CHAPTER EIGHTEEN
Blackthorn ballroom had been draped in furniture sheets and covered in a thin layer of dust after being minimally maintained, but Graham could not believe the transformation he witnessed as he entered.
For a moment, he did not care that every guest turned to stare at him and his wife.
For a moment, he did not care about strangers being in his home, for he could not stop looking at the glittering sight before him.
Heavy drapes blocked out the natural moonlight, allowing only for one small window to offer a glimpse of the dark evening pressing down outside the manor.
The floor had been altered in ways he could not comprehend with a shimmering black effect, making it look as though everybody stood on a surface of glittering obsidian stone.
The room was hard and beautiful like an onyx, and the starkly white painted Blackthorn crest on the floor was the main source of color.
The chandelier above was dimly lit, but mostly dramatic candles flickered light over the dark ballroom.
Swathes of red fabric wound around columns and decorated the curtain rails.
The tablecloths were red, matching the wine that was being poured into every crystal glass.
It both terrified and pleased Graham. He fought the urge to turn to Amelia, surprised at what she had done with this free reign. He understood her striking gown now, and his own black and red attire.
Tightening his hold on her, the two descended into the dark ballroom, and he realized how the decoration allowed for low visibility.
Idly, he recalled Daphne wanting a masked ball.
Slowly, he figured out that this was his wife’s way of offering him a place to hide even as he was forced into society.
A place to move without being seen too harshly.
The attention was on them but there was no beam of light forcing them into the center.
His heart thudded, relieved and impressed at his wife’s thoughtfulness.
The Blackthorn ball would be the talk of the ton tomorrow. He could only imagine the speculation that the gossip column would write about. As they descended into the confused-looking mass of guests, most of them already muttering about the theme of the ball, Graham moved closer to Amelia.
“You have outdone yourself,” he murmured. “I believe I understand what you have done for us tonight.”
Amelia looked at him, her eyes bright with hope. “You do?”
He nodded. “We can remain in the shadows even as we are forced to entertain.”
Amelia’s smile was the most rewarding thing he had ever seen.
“That, but I also wished for the ton to know how they have forced us to live, too. You retreated after the duel incident, and I am aware that I do not know what happened fully, nor am I asking you to explain before you are ready to tell me. However, the ton’s gossip-mongers forced you to not feel welcome, to feel as a villain, but you are not.

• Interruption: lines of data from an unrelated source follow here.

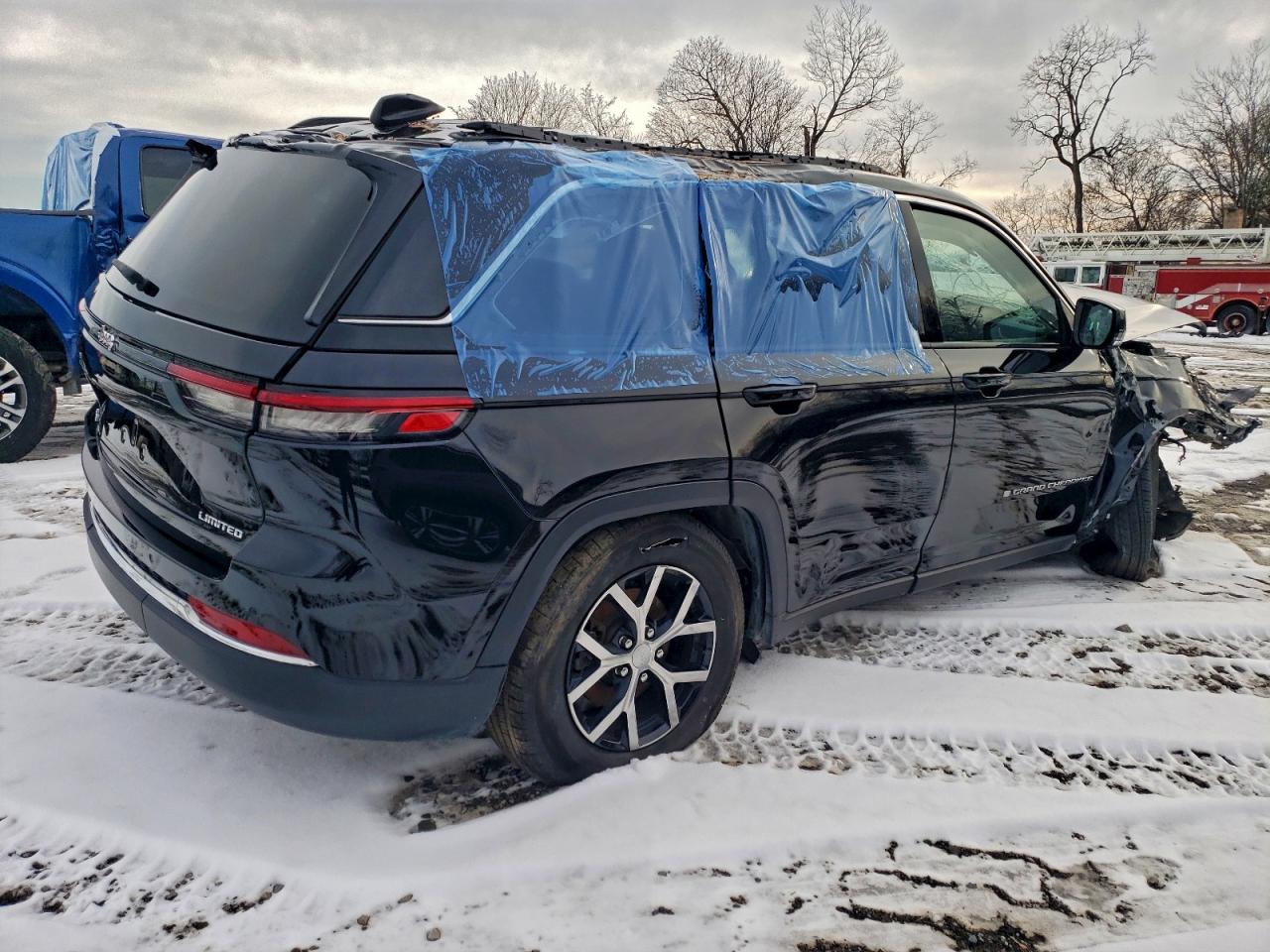 2024 JEEP GRAND CHEROKEE LIMITED photo 3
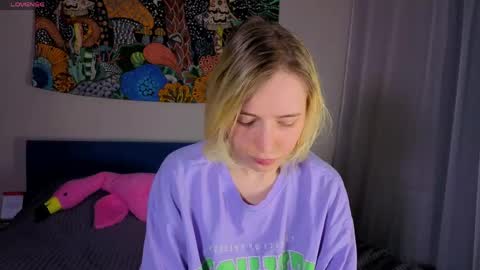 pis_sos online show from March 22, 2026, 8:01 pm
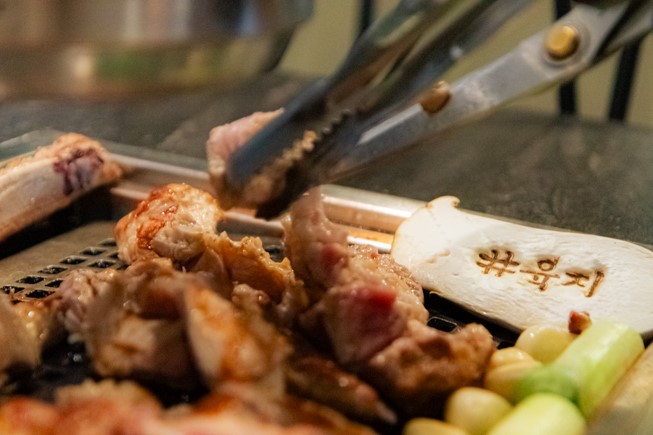  홍대 연남동 맛집 추천:) 소개팅 하기 좋은 고기집! 감성 가득 육지 & 합정역 맛집 내돈내산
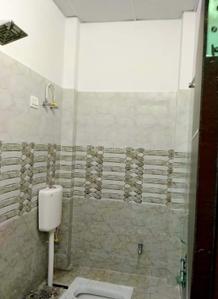 Common Bathroom Image of 2350 Sq.ft 3 BHK Independent House for rent in Basharatpur Gorakhpur for Rs. 18000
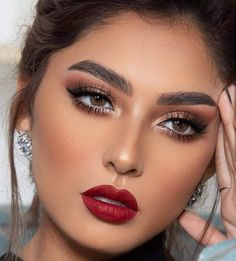 Gala Make Up, Makeup Bibir, Red Lipstick Makeup Looks, Red Lips Makeup Look, Red Lipstick Makeup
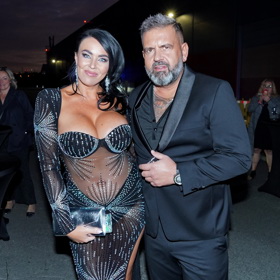 Radek Kašpárek po boku své nové partnerky Ivany nevypadal nadšeně. 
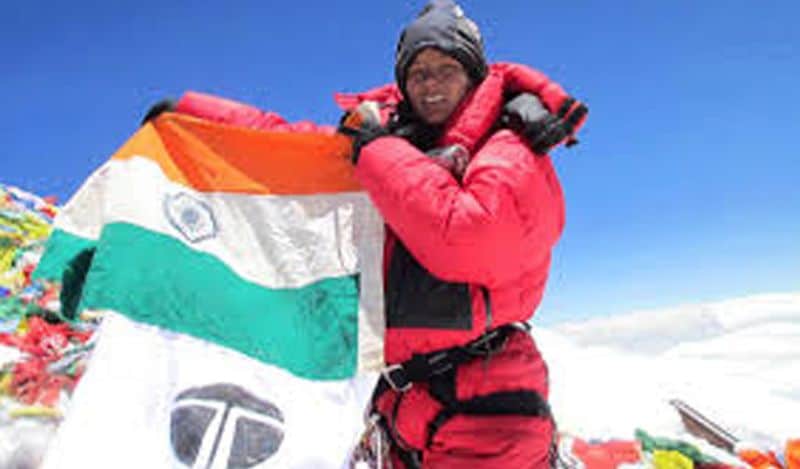 शो में अरुणिमा ने अपने साथ हुए ट्रेन हादसे के बारे में भी बताया और उन्होंने कहा कि 'बरेली के पास चनेटी नाम एक छोटा सा रेलवे स्टेशन है। चार-पांच लोग कहीं से ट्रेन में चढ़े। अचानक उनके गले पर उनका हाथ उन्हें महसूस हुआ तो उन्होंने हाथ पकड़ा और उसका विरोध किया।'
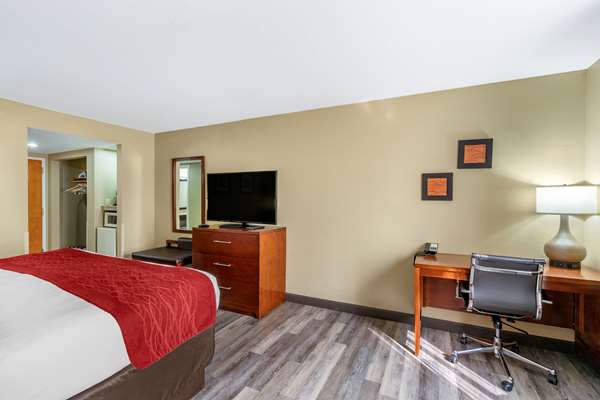  - Comfort Inn Six Flags Pacific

I believe I have seen through your darkness, as you have seen through mine.
We were both forced to the outside of society against our will.
Now, they shall know the shadows that have forged us. ”
Graham could only laugh and wished to kiss her cheek in an unexpected moment of tenderness. “You sound like you are quoting from a fairy-tale.”
“Daphne advised me to be rather dramatic about my plans,” Amelia giggled.
As they walked further into the center of the ballroom, Graham could not help but straighten up, feeling taller. He was proud to have his wife at his side, and her intelligence had created something memorable tonight. He could not express how impressed he was.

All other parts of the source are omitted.